Autant l'attitude de certains banquiers et surtout de certaines banques est scandaleux, autant Paul et Éliane ont un comportement qui prête à caution, et ils ont également leur part de responsabilité dans la situation inextricable qui est maintenant la leur. Le système bancaire avec la multiplication à l'infini des cartes de crédits, de facilités de paiements, de facturations différées ont créé un système où l'argent est devenu une chose irréelle, pratiquement impalpable. La publicité dont l'auteur ne parle pas, mais qui conditionne par exemple le comportement du couple vis à vis des enfants, pour qui rien n'est trop beau, le voisin de classe a le blouson vu à la TV, etc.....La civilisation des loisirs est aussi en cause, la situation financière est grave, mais Paul achète un bateau, le couple et les cinq enfants partent faire du ski......
Ce livre se divise non pas en chapitres, mais en années, An A +1 par exemple. Une chose dans ce livre m'a surpris, et pas forcement rajeuni, la monnaie est le franc. Normal, me direz-vous, ce livre date de 1994, et l'euro n'avait pas encore pignon sur rue.
Un bon roman qui m'a appris beaucoup de choses, dont la signification du fameux mot à la mode, le crédit « Revolving ». Je trouve qu'il y a un manque de poésie dans le nom des cartes de crédit citées dans ce livre, mais cela n'est visiblement pas le but : Gold Primus, Permaprêt, Crédit Confort, Customer, etc....
Extraits :
- Là, point de délinquance, point de drogue, point de racket à la sortie des écoles.

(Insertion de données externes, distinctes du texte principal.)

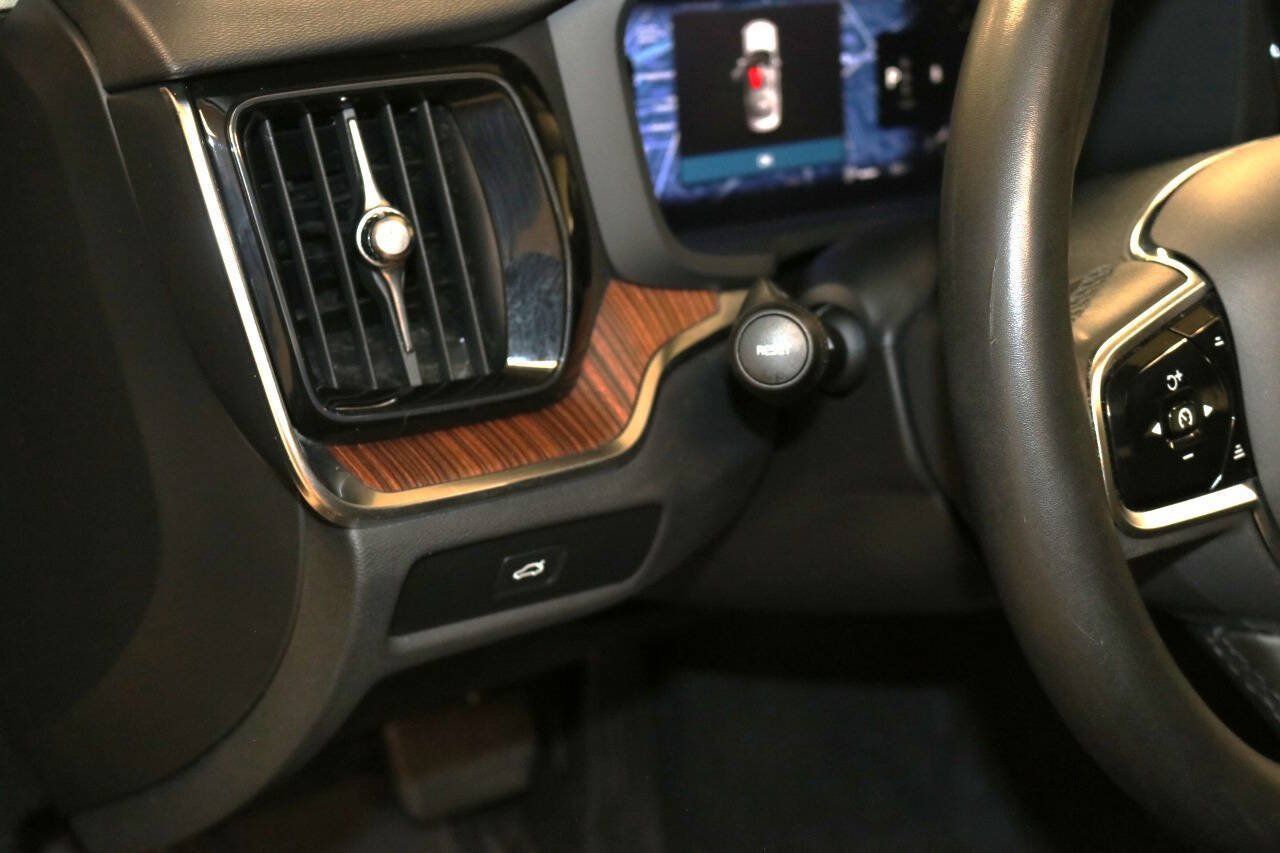 Used 2024 Volvo S60 B5 Plus FWD image 59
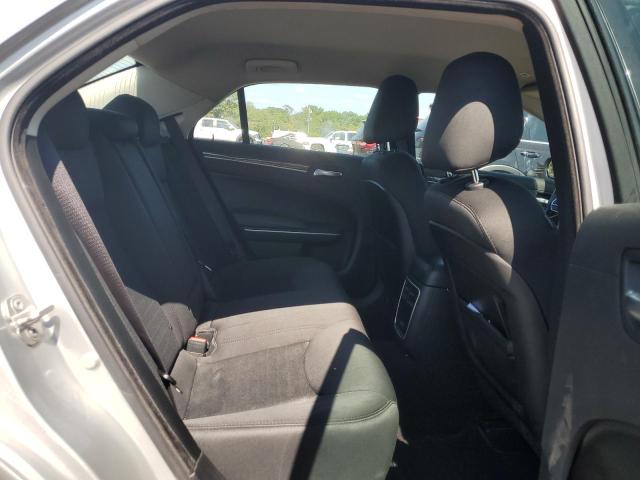 Photo 10 from auction – 2019 CHRYSLER 300 TOURING with VIN 2C3CCAAG5KH601879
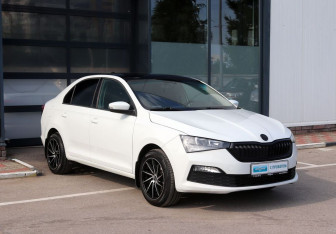 Подержанный автомобиль Skoda Rapid Liftback 2020 года (2 фото)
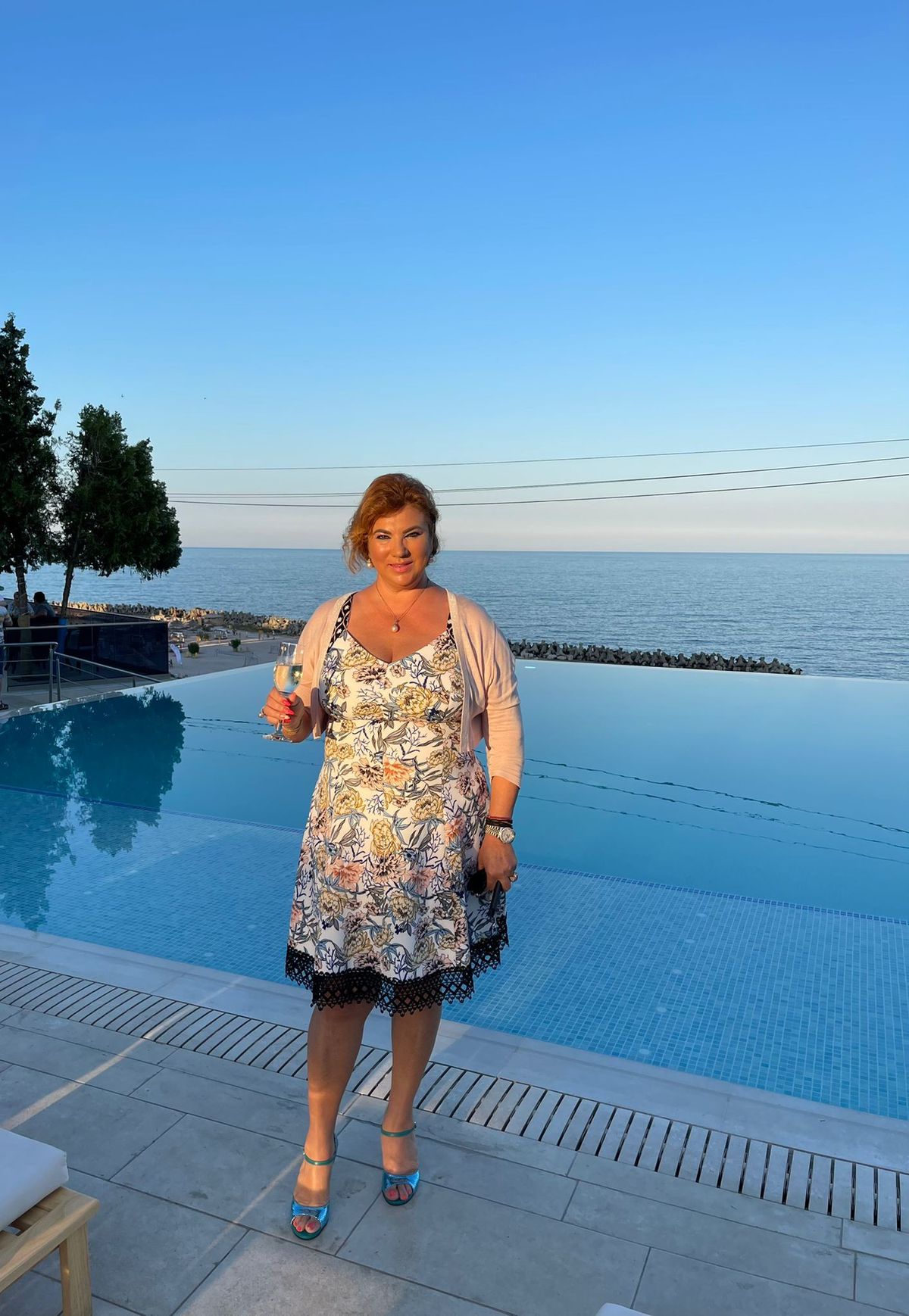 Cât costă un sejur de 5 nopți la hotelul lui Cristi Borcea de pe litoral » Micul dejun nu e inclus în preț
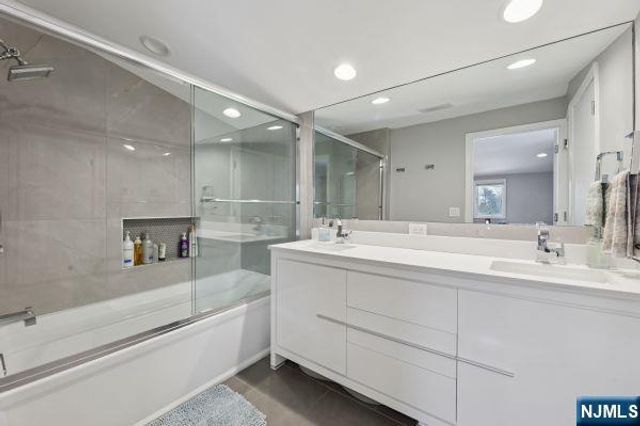 8 Gordon Road, Bergenfield, NJ 07621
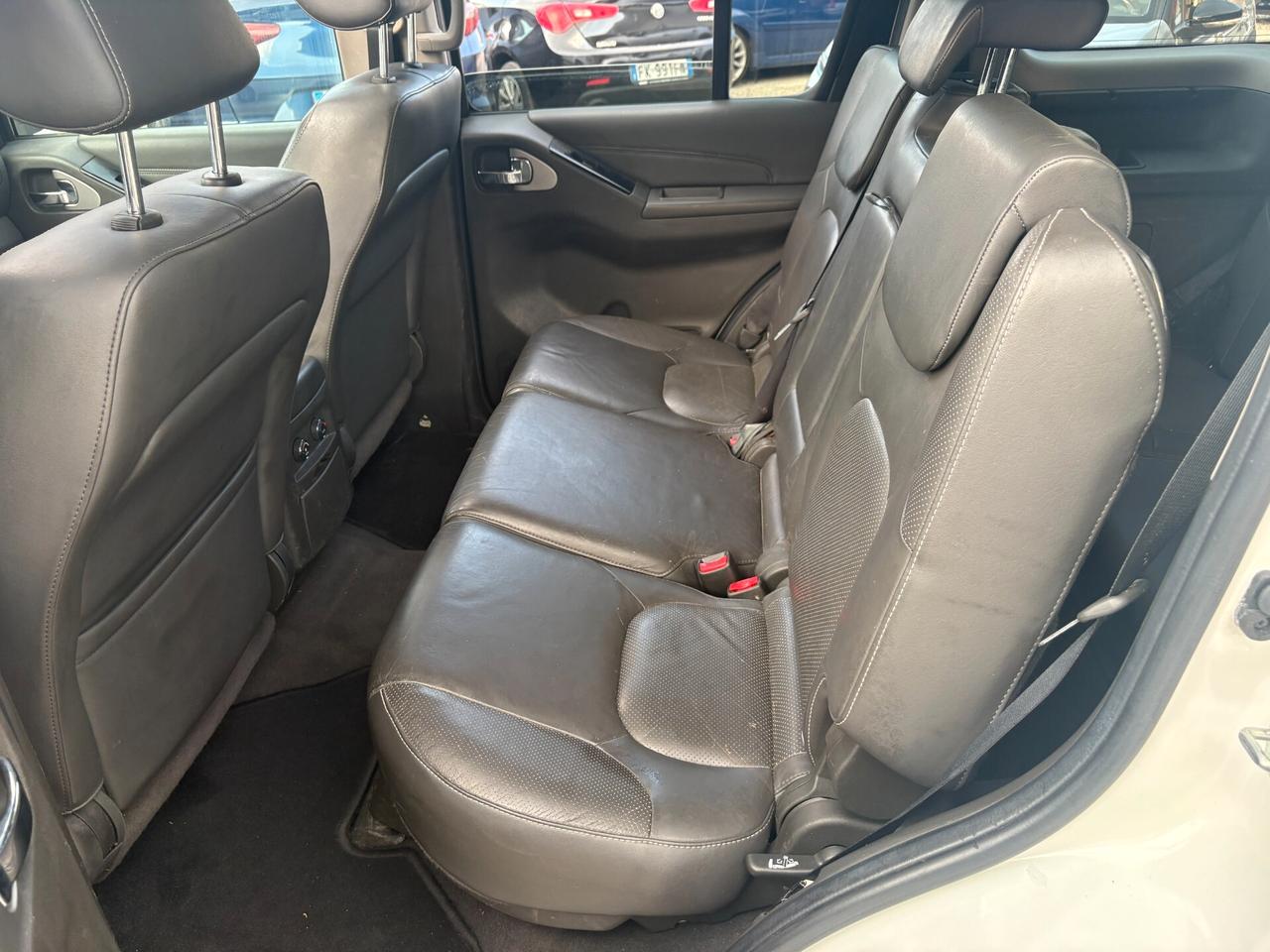 Nissan Pathfinder 2.5 dCi - 7 posti -Gancio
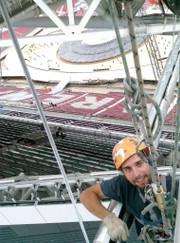 Разнорабочий, благоустройство территории Игорь Андреевич Ерошевичев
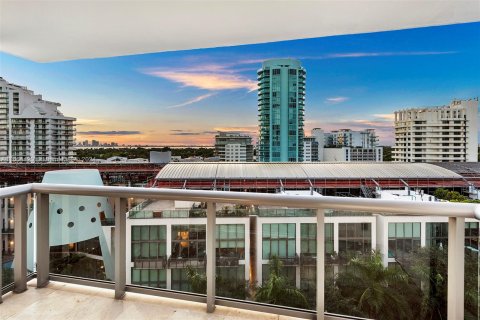 Condo in Miami Beach, Florida, 2 bedrooms  № 1389878 - photo 7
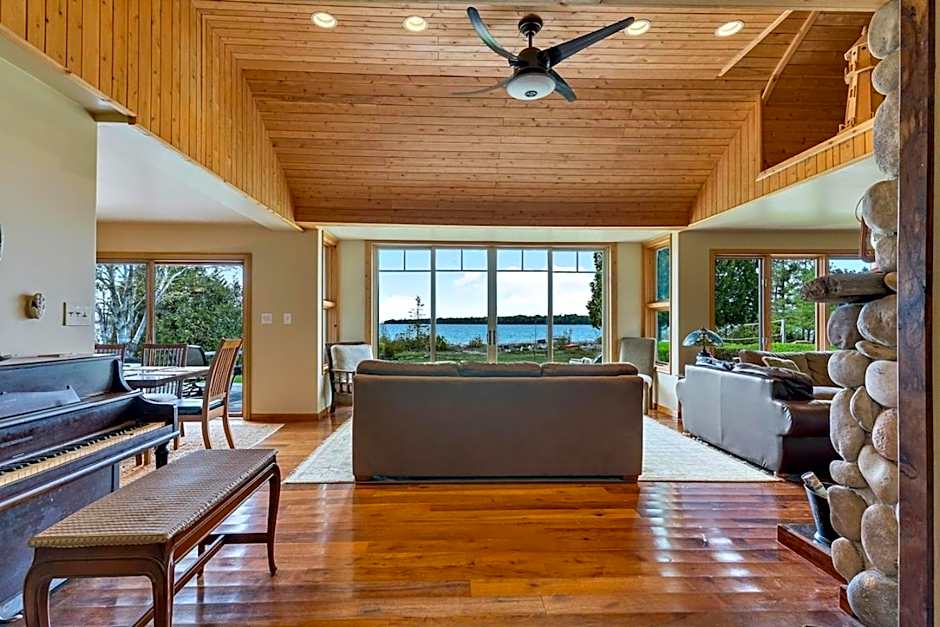 Georgian Legendary Tobermory Retreat With Hot Tub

- Acheter : l'infinitif est impératif.
- On baptisa la propriété d'un nom breton Ker Eol, la maison du soleil.
- Monsieur joue au grand argentier. Il sonne l'employé du guichet et vouvoie ses troupes. Il fera carrière.
- On a claqué du fric. On a claqué le fric de la banque, l'argent des travaux. Pas en totalité. Une bonne partie.
- d) Éliane F. parle pas breton, et nombreux sont les gens âgés plus à l'aise dans leur langue maternelle qu'en français.
- Simple tolérance. Il s'agit pas d'une autorisation .
- Non, répond Bourbao, c'est une formule hypersimplifiée, le crédit TGV.
- « Un piège à cons, vous allez voir. On va régulariser des comptes débiteurs, y a pas de doute ».
- Ils se sentiront des ailes dépensières. Le pognon leur brûlera les doigts. Ils replongeront.
- Le délai de réflexion est écoulé, la double commission acquise.
- Paul G. ne doute plus d'être indésirable. La B3C ne lui fera pas de quartier.
- Mon euphorie se dégonflait à mesure que mon livret de Caisse d'Épargne diminuait.
- « C'est le bonheur d'être à crédit ».
- Paul a presque le rang de notable.
Éditions : Stock (1994).
PS. Hervé JAOUEN sera avec de nombreux autres auteurs à Carhaix, ce week-end.